Subiu até seus lábios e o beijou com fome, enfiando sua língua com selvageria em sua boca, Arthur gemeu ao sentir seu gosto misturado na saliva dela.

Carla: Sempre tão saboroso — sussurrou após acabar o beijo.

Ela sobe nele, ficando em cima de seu membro já excitado, pega as suas duas mãos e coloca em cima das dele, passando pelo seu pescoço até chegar aos seios, onde infiltra pelo corpete. Arthur geme ao sentir sua pele sensível se arrepiar com seu toque.

Arthur: Eu te amo Carla!

Carla: Eu sei que sim.

Ela larga as mãos de Arthur da sua bunda, afasta sua calcinha, segura o membro grosso de Arthur e senta com tudo, os dois urram de prazer. Carla sente ir fundo e começa a se movimentar, coloca suas mãos no peito suado de Arthur para ganhar equilíbrio, começa a fazer movimentos de vai e vem, cavalgando com vontade em seu membro.

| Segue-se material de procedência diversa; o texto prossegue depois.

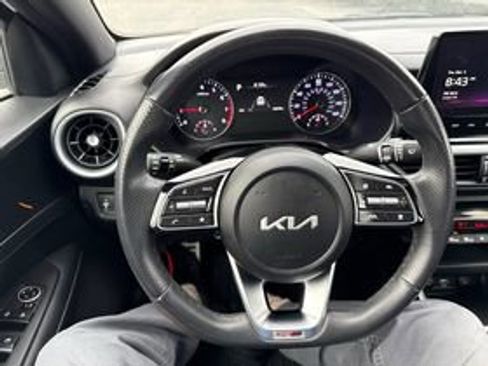 Used 2024 Kia Forte GT-Line image 7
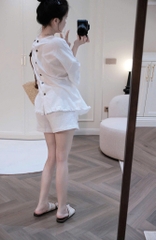 SET911-Set áo đũi trắng cúc lưng phối quần short thêu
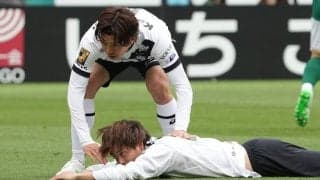 ｢決定的チャンスを防がれ、天を仰ぐ…｣世界中のサッカー中継で流れる｢お馴染みの映像｣【｢シュートを外した後のストライカー｣のあるべき姿】(1)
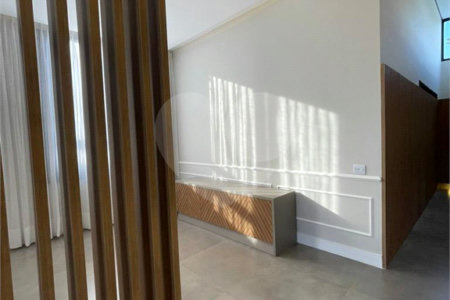 Casa à venda com 3 suítes no condomínio Residencial Granville, Atibaia - SP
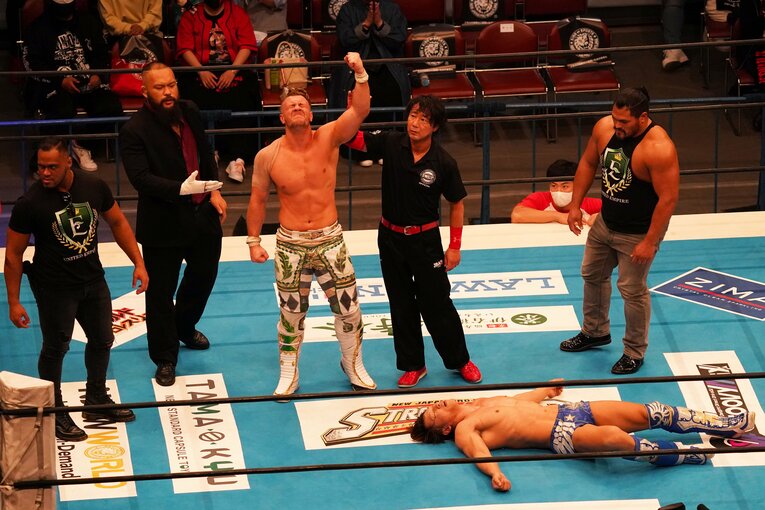 勝利を喜ぶオスプレイ（左）と横たわる飯伏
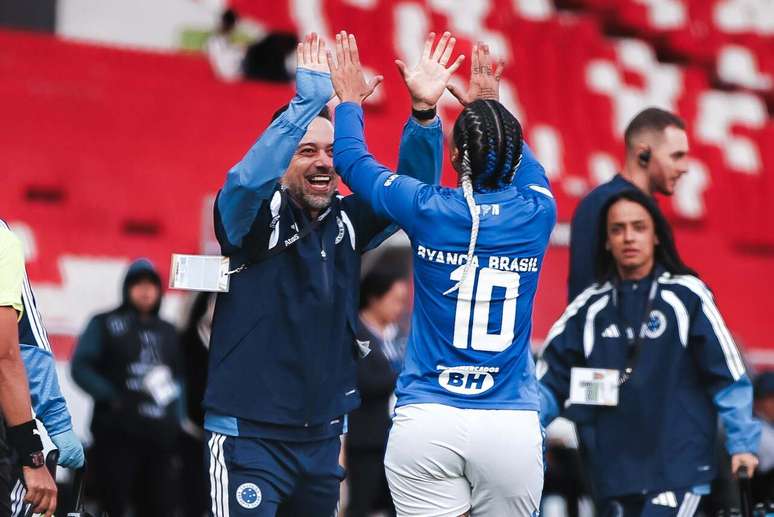 Camisa 10 brilha no 2&deg; tempo e garante classifica&ccedil;&atilde;o &ndash;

Arthur:  Carla... Você vai me matar qualquer dia desses — diz Arthur entre gemidos e ela sorrir. 

Ele olha em direção da escada e depois os movimentos que ela faz, se deliciando com a imagem de Carla sobre ele, seus lábios inchados, seu rosto vermelho e suado, seus olhos o devorando. Não perdeu tempo se levantou, ainda com Carla em cima dele, apoiando as costas dela na parede e segurou em seus quadris, ditando o ritmo. Ela mordeu os lábios abafando os gemidos, ele começou a devastar seu pescoço mordendo e lambendo a pele suada, enquanto ela continuava a cavalgar com toda pressão sobre ele, que rosnava enlouquecido, assim como ela.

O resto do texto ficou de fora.